Hacker News new | ask | show | jobs
by Difwif 976 days ago
I've had a suspicion for a while now that this is what ChatGPT does within a conversation (chat.openai.com, not the api). I've had very long chat histories that seem to gracefully degrade instead of just forgetting everything. Maybe there's more clues in the context than I realize though.

Either way this type of idea will probably be a fundamental feature for all chat bots in the future IMO.

6 comments

Recursive summarization is a simple and popular way to provide the illusion of infinite context (when you need to free up space, just summarize the oldest N messages into 1 summary message). It's lossy and you'll inevitably lose important information, but it should degrade relatively gracefully. In MemGPT we use (implicit) recursive summarization on top of all the explicit memory management.
Would this be the same method used to assign a title to your chat based on the first prompt? It's surprisingly effective at getting the core idea most of the time.
Thanks for your interest! Question - does the title of the chat ever change after it's first assigned? If so, using a recursive summary to refresh the title sounds like a reasonable idea (especially if you're already computing a summary to extend context).

From what I remember the title in ChatGPT gets set once after a few messages, in which case I'd assume it's generated with a special "title generation" prompt (that gets the first few messages as input).

In either case since I don't work at OpenAI I can't tell you for sure ;)

This is how we do things at our work with the API and chunking since we don't have the 32k API. It works fairly well in limited windows.
There are definitely a lot more clues than you realize (plus the context window is something like 12 written pages of standard English text, without much space wasted for the system prompts). If you were doing anything interesting at all, the output is heavily biased by your prompt.
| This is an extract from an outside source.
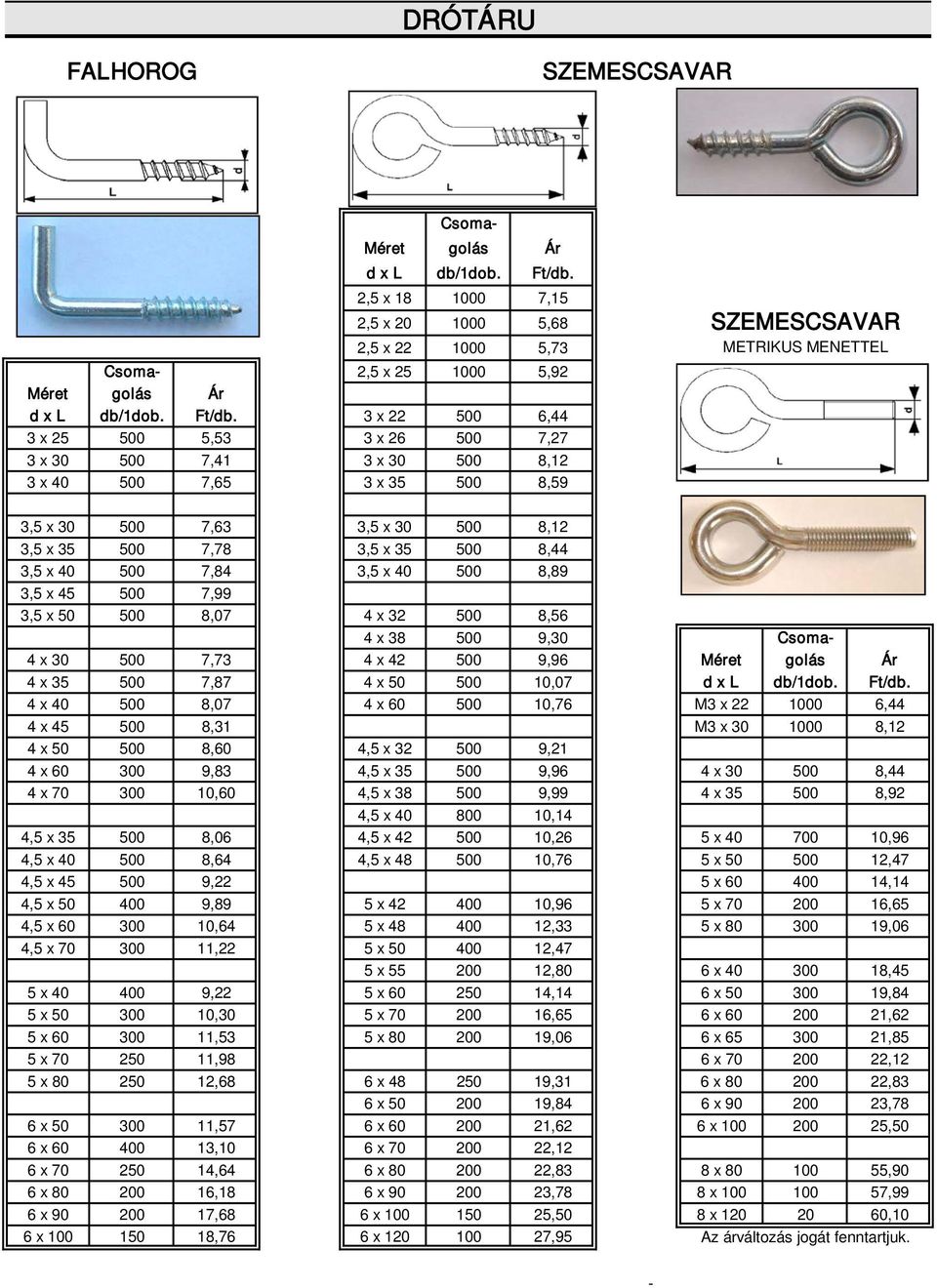 3 x 22 500 6,44 3 x 25 500 5,53 3 x 26 500 7,27 3 x 30 500 7,41 3 x 30 500 8,12 3 x 40 500 7,65 3 x 35 500 8,59 SZEMESCSAVAR METRIKUS MENETTEL 3,5 x 30 500 7,63 3,5 x 30 500 8,12 3,5 x 35 500 7,78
You lose some bits of information in that you only have one sample (the previous output/history) rather than the soft probabilities, and you lose some bits in that multiple inputs can map to the same output (like the class of prompts "output the 2nd letter of the following phrase: ..."), but real-world prompts tend to be the easiest/shortest thing to come to mind that you think will give you the result you're looking for, so the LLM's best guess for that prompt (there are lots of ways of guessing, so suppose for the sake of argument you did something like textual inversion on the one sample) is likely to not be a half-bad interpretation of the missing context -- i.e., a lot of the seemingly missing information was retained in the LLM's output, and you don't lose too many bits at a time as the old context trails off.
ChatGPT degrades precisely because they aren't doing anything special to extend their memory beyond the context length.

There are trivial techniques to implement "lossy" memory, such as just average pooling tokens (the same approach used by sentence transformers). Not sure why it's so rare to see this used for condensing a huge amount of context into a prompt. It is effectively "medium" term memory.

https://chat.openai.com/share/e367a1de-c28b-4408-aa3d-2e4b85...

Fed chatGPT special numbers, then 3k tokens, then 2k tokens. after that, it was unable to understand any question about the special numbers provided.

At the very least I would average vectors inside single words or word compounds getting a 2-3x reduction in length without much work.
Yeah! While it’s not known what close-sourced models do, what we think is happening based on some prompt attacks, is that they also use recursive summarization (in addition to what others have mentioned in this thread).
To me it just feels like they’re trimming the min amount of oldest tokens in the conversation to stay under the token limit. Conversations don’t degrade in a way that feels like it has medium term memory.
I'm still very much learning this stuff, but I wonder if that's related to the vanishing gradient problem, which seems to be a fundamental aspect of these types of approaches. (Please don't assume that's correct)

https://en.wikipedia.org/wiki/Vanishing_gradient_problem

Vanishing gradient was an issue for non-residual deep networks and vanilla RNNs. While the long context memory issues are along sequence dimension, not network depth.

The problem could be some kind of instability of attention as it scales above 10k tokens. A recent paper suggests attention mechanism needs a default value (a "sink"), and its absence produces instability.

https://arxiv.org/abs/2309.17453

Another paper says the middle part is lossy while the beginning and end are better attended.

For anyone who's curious, the paper in question, entitled, "Lost in the Middle: How Language Models Use Long Contexts" (https://arxiv.org/abs/2307.03172)
That's a really recent paper. Do you actually keep up to date with everything? How do you find the time?
Just reading a couple papers every day, the most interesting ones, and following up on reddit and twitter to get notified what people are talking about. And I am directly interested in long-context LLMs for a work related task.

I have also been dabbling with neural nets (pre-transformer), especially LSTM which have a "residual" connection, the one I was mentioning. That makes gradients better behaved. Schmidhuber tech.

Not to denigrate the person you’re responding to, but to add some context: That paper got a decent amount of attention already. Probably one of the more notable in the literature over the last month. Plus compared to the past year everything is slow now.
Regarding the vanishing gradient problem, has anyone tried to train using only a randomly chosen set of independent parameters in each iteration? (Updating only the weights in a small random independent set).